[[ Data in this exercise open ]]

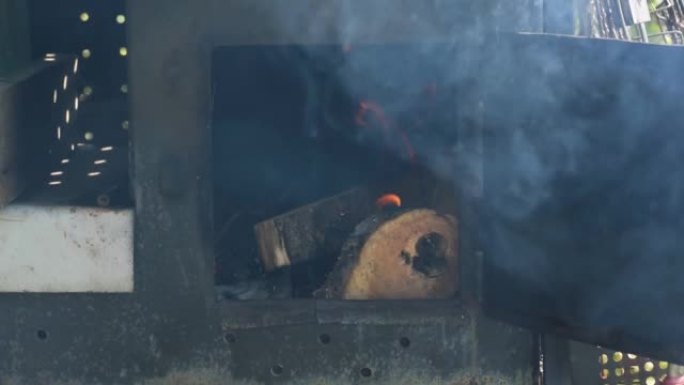 男子将柴火扔进烤箱或烧烤炉的火中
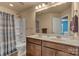 Beautiful bathroom featuring a double sink vanity with dark wood cabinets, a large mirror, and a shower-tub combo at 3159 Hartson Pointe Dr, Fort Mill, SC 29707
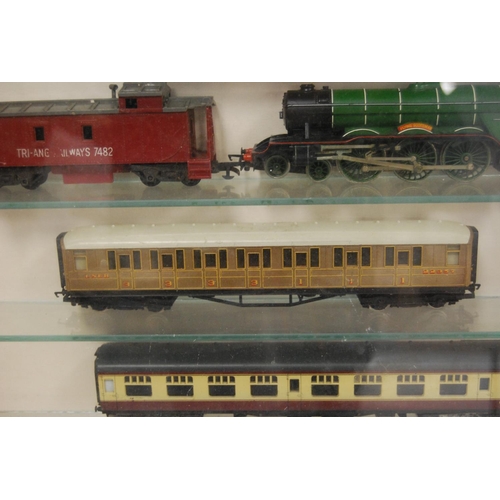 71 - Quantity of OO gauge model railway carriages and engines to include Flying Scotsman and others conta... 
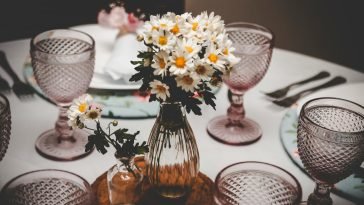 Charming table setup with vintage glasses and daisy flower arrangement, perfect for elegant dining occasions.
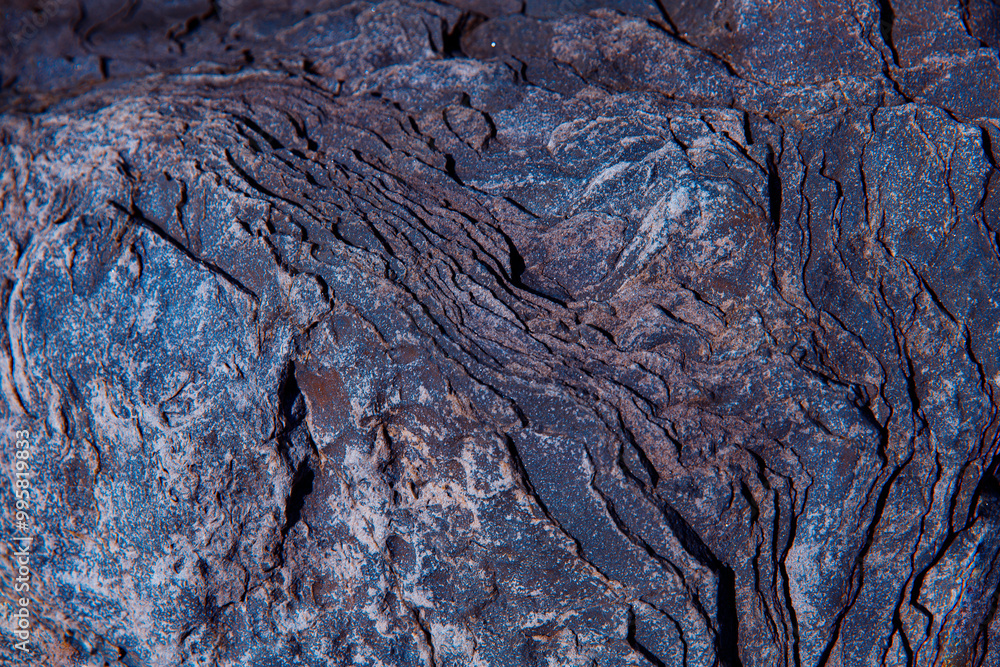 a natural rock of shale ore in cracks. a natural rock of shale ore in cracks.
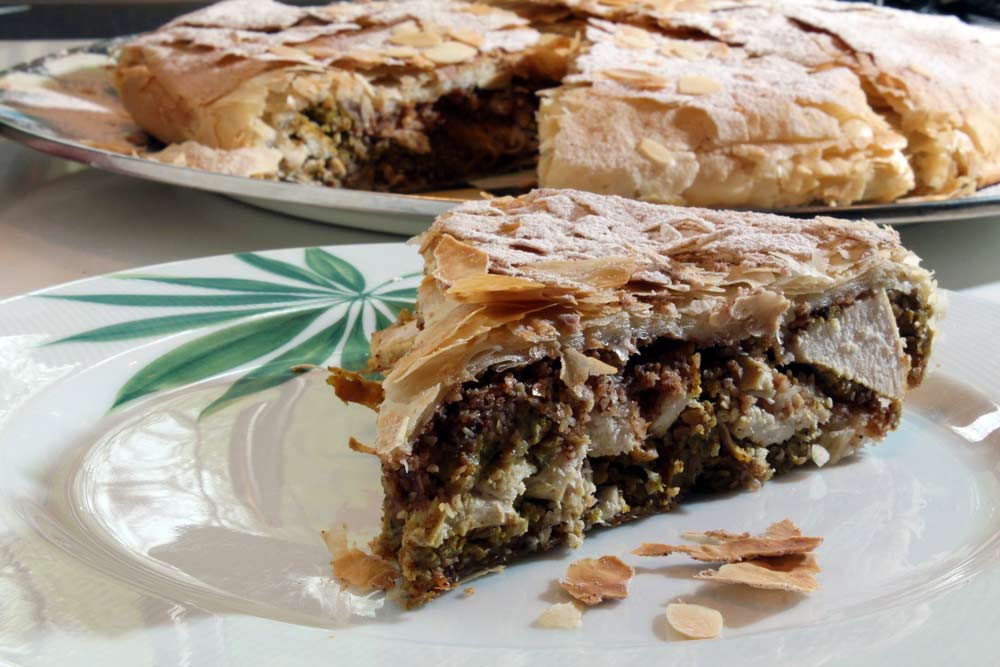 Chicken Bastilla is a traditional Maghrebian pie filled with chicken, scrambled eggs, and a crunchy layer of sweet cinnamon toasted almonds, all wrapped up in buttery phyllo pastry. Recipe cultureatz.com/chicken-bastil… #eattheworld #moroccanfood #internationalcuisine #cultureatz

[[ Data in this exercise closed ]]

Exercise -
Please repeat every record exactly as it stands, leaving out any pictures.

Your response -
 男子将柴火扔进烤箱或烧烤炉的火中
 Beautiful bathroom featuring a double sink vanity with dark wood cabinets, a large mirror, and a shower-tub combo at 3159 Hartson Pointe Dr, Fort Mill, SC 29707
 71 - Quantity of OO gauge model railway carriages and engines to include Flying Scotsman and others conta... 
 Charming table setup with vintage glasses and daisy flower arrangement, perfect for elegant dining occasions.
 a natural rock of shale ore in cracks. a natural rock of shale ore in cracks.
 Chicken Bastilla is a traditional Maghrebian pie filled with chicken, scrambled eggs, and a crunchy layer of sweet cinnamon toasted almonds, all wrapped up in buttery phyllo pastry. Recipe cultureatz.com/chicken-bastil… #eattheworld #moroccanfood #internationalcuisine #cultureatz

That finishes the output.